Set up AI infrastructure at three companies and most online advice is complete garbage. Everyone says "cloud is expensive, buy local hardware" without doing actual math or considering that your $40k H100 might sit in a box for 6 months because the data center buildout got delayed.
When Local Hardware Actually Makes Sense
Your break-even calculation depends on consistent utilization, not peak capacity. Together AI charges $3.50 per million tokens for Llama 3.1 405B. RunPod H100s cost $2.99/hour. Compare these rates with Lambda Labs pricing and Vast.ai marketplace to find the best deals. Do the math for your actual usage patterns, not theoretical maximums.
For a startup processing 1 million tokens daily, that's $105/month on Together AI versus like $300+ monthly just to amortize a local RTX 5090. Cloud wins until you hit enterprise scale or need 24/7 inference.
My first local setup was an RTX 4090 build for $2,200. Seemed brilliant until I actually calculated hourly costs: hardware alone was $0.38/hour assuming 8 hours daily use. Add power, cooling, and the 20+ hours I spent fighting CUDA driver compatibility issues, and I was paying more than cloud rates for a machine that crashed every time Windows updated. Check NVIDIA's driver support matrix before buying anything.
Enterprise Local Makes Sense (If You Have The Infrastructure)
We spent about $180k on H100s last year. The exact number doesn't matter when you're watching cloud bills hit $25k monthly for training workloads. Break-even was around 8 months, saving us $200k+ annually now. But it required:
- Data center space with 20kW power (good luck finding that)
- Redundant cooling ($40k just for installation)
- Network gear that actually works with InfiniBand
- DevOps engineer who knows hardware ($120k/year)
- Backup plans for when shit inevitably breaks
Hardware was only 60% of actual costs. Factor everything and our "cheap" local setup cost around $300k first year. Would do it again though - cloud bills were insane.
Cloud Hidden Costs Are Real Too
AWS SageMaker lists $3.36/hour per H100 - just for the GPU. Then they hit you with storage fees, data transfer costs, ML instance charges, and suddenly you're paying 40% more than advertised. Typical AWS bullshit.
Google Cloud H100s cost $11.27/hour for the 80GB version. Expensive as hell but at least includes networking and managed services. No surprise $2,100 or whatever insane power bills or debugging hardware failures at 3am.
Tried Azure ML for six months. Listed $8.32/hour per H100, actual bills were 60% higher due to storage, networking, and "premium support" that wasn't optional for enterprise accounts. Microsoft being Microsoft.
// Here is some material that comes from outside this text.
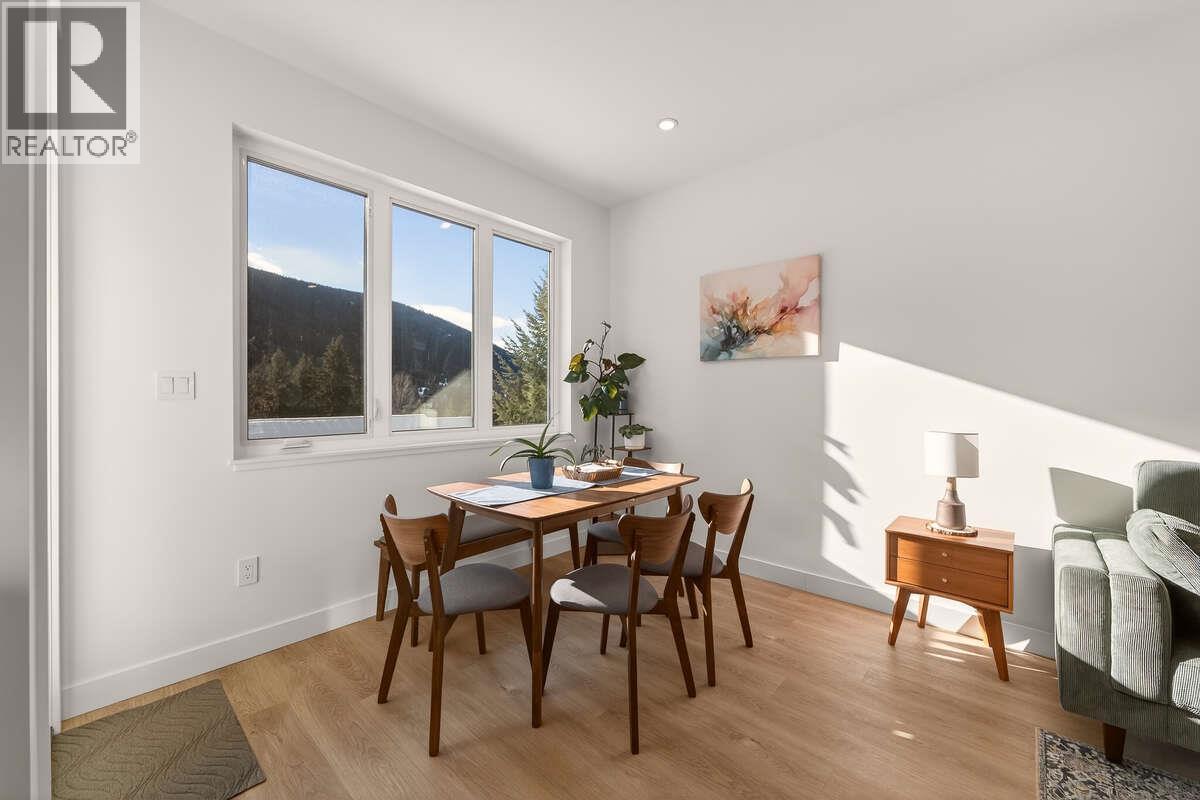 2224 Falls Street Unit# B - Photo 5 of 54, Nelson, British Columbia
The Usage Pattern Reality Check
Most AI workloads aren't constant. Development is bursts of training followed by days of staring at loss curves. Inference is unpredictable - you get featured somewhere and suddenly need 10x capacity for a week, then back to normal.
Local hardware optimizes for peak capacity, cloud optimizes for average usage. Your RTX 5090 sitting idle 80% of the time costs the same as running full blast. Cloud bills scale with actual usage (when they're not charging you for stopped instances).
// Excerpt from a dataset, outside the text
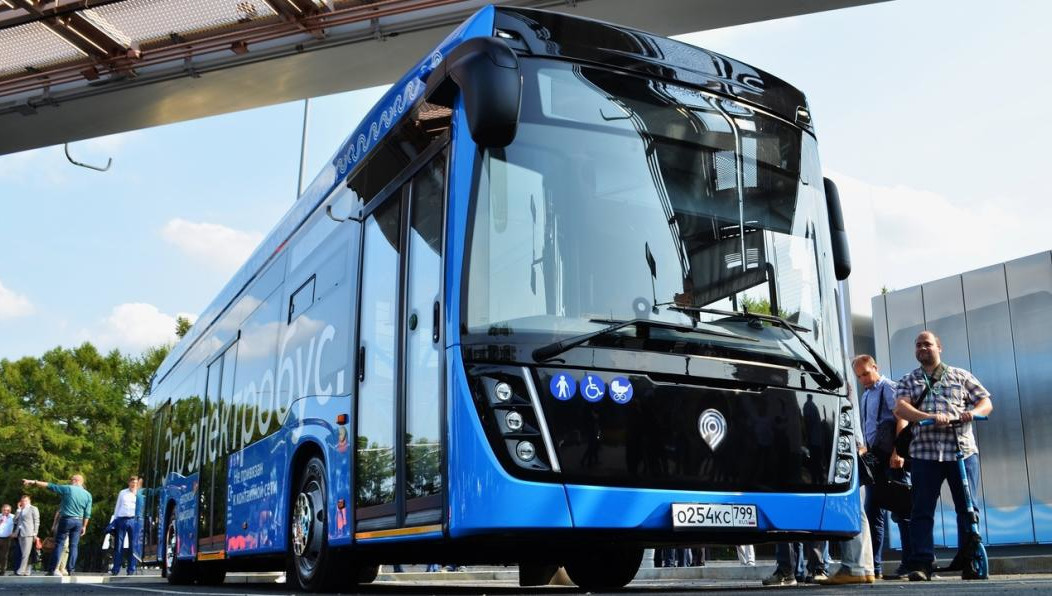 Техника начнет курсировать по маршруту «Онкоцентр - Московская площадь».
Monitored our usage for six months: training jobs maybe 30% uptime, inference peaked evenings and died on weekends. Cloud probably would've cost 40% less for the same workload, but good luck explaining variable bills to your CFO.
The 2025 Cloud vs Local Landscape
Cloud GPU availability got way better in 2025. RunPod has H100s available instantly at $2.99/hour. Together AI delivers inference fast enough for production. Paperspace and CoreWeave also improved availability significantly. No more waiting weeks for capacity allocations like the dark days of 2023's GPU shortage.
Local hardware is still a supply chain nightmare. H100s are 8-12 week delivery if NVIDIA even approves your order. RTX 5090s get scalped to $3,500+ when they're available. When hardware finally arrives, driver support for new models takes months and breaks existing setups.
Sweet spot shifted: cloud for development and traffic spikes, local for steady production workloads over 100 GPU-hours monthly. Hybrid works best - local for baseline, cloud when you need to scale fast.
What Actually Matters: Total Cost Per Token
Stop thinking hardware prices, start thinking cost per token. Local RTX 5090 at full utilization: maybe $0.50 per million tokens. Together AI Llama 3.1 70B: $0.88 per million tokens. OpenAI GPT-4.1: $2.50 per million tokens. Use cost calculators and TCO analysis tools to model your actual workloads.
But "full utilization" is fantasy. Real utilization averages 40-60% if you're lucky. Real cost per token doubles. Cloud looks expensive until you factor in idle hardware, power bills, cooling costs, maintenance headaches, and the opportunity cost of tying up $50k in depreciating hardware.